It occurred to me yesterday that if I were going to do Riverworld as a series, I would take on more (slightly more) of a Lost approach.

In the books, 35 billion human beings, everyone who ever lived between about 2 million BC and 2008 AD, wakes up naked, all at the same time, on the banks of the River. Everyone is hysterical and terrified, running around, freaking out.

I'd follow this exactly in the first episode. Introduce the main characters (Burton, Peter Frigate, the rest as detailed in the book, including the alien, Monat) and start revealing the secrets of the Riverworld, slowly - these people have no idea at first where they are and what happened to them or who's responsible. And yeah, you can easily get across the idea that everyone's naked with strategic camera angles.

That's just a brief synopsis to give you an idea - to me the real charm of the Riverworld novels was the incredible mystery of the place, confronted by a humanity which had been stripped of its technology, meaningful resources and even its clothes (at first), a humanity in the hands of beings about as powerful as the planet builders recently seen in Stargate Universe...and eventually overcoming all this to become masters of their fate.

A series could reveal new wonders, new cultures, and the heroes would slowly learn more about the Riverworld simply by getting out there, having a look around, and using their brains. Figuring out how to improvise and turn the situation to their advantage (like how the Riverboat used the grailstones to recharge)

And Burton would be the frakking hero, damn it.
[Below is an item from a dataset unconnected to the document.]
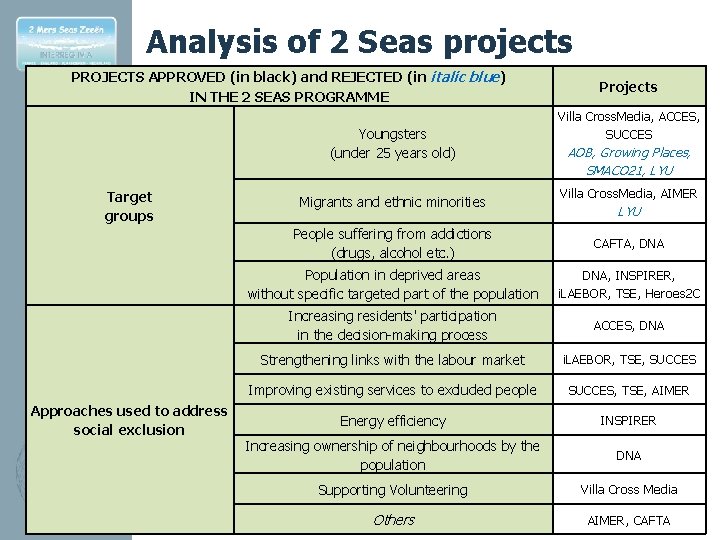 Analysis of 2 Seas projects PROJECTS APPROVED (in black) and REJECTED (in italic blue)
I think it would be very doable if you didn't reveal all the mysteries at once and build the database as you went, so to speak. Plus the culture clashes were just plain interesting. The character combinations available would lead to some really funny or tragic plots. What happens when a 20th century American hooks up with a Jewish woman who knew Moses? Or a Roman soldier hooked up with a Victorian woman? What happens when you find your spouse and she's shacked up now with, say, Spartacus? That kind of stuff would be fun in itself.

Thoughts, opinions?
 
This is sooo doable. Any time they needed a stand-alone you could have a character encounter a new society and interact. If budget was an issue, raiding the nearest production's wardrobe combined with the generic "towel-like" cloths provided would work. Meanwhile, the underlying story would run through. They could easily get a season out of the first book(22 eps) and then drag through Book 2 over a season as well. Withthe idea that if ratings were good, stand-alones could stretch all that out.
 
If this was going to be made I'd like to see maybe 12 episodes a season so that the time could be spent on research and writing to try and make the characters as historically accurate as possible.

Burton should be the hero. In the books could be a bit of an ass and I think this works, making him a hero with flaws.

I'm not sure it would pass TPTB but i would keep Hermann Göring as a character. There needs to be characters that were villains in this world that are not villains in the next. Göring never becomes a hero but is a pathetic, sometimes sympathetic character in the Riverworld novels.

I would also have a set date that only people who died before a certain date can be on the Riverworld. I believe it was 1983 in the books but this could be moved as far as 2000. A point in the books was that people who claimed to have died after 1983 were agents. If the series airs on TV in 2011 then the destruction of the earth has to be set in about 2013. This way by the time it's revealed to the audience that the people who died after 1983 are agents and that the story they tell of the world ending isn't necessarily true.

The Alien, Monat, and the titanthope, Joe Miller, need to be in the starting company, however if Joe Miller needs to be a Neanderthal, for production reasons, I could accept that change.

(I haven't read these books in twenty years, I hope I'm remembering things right.)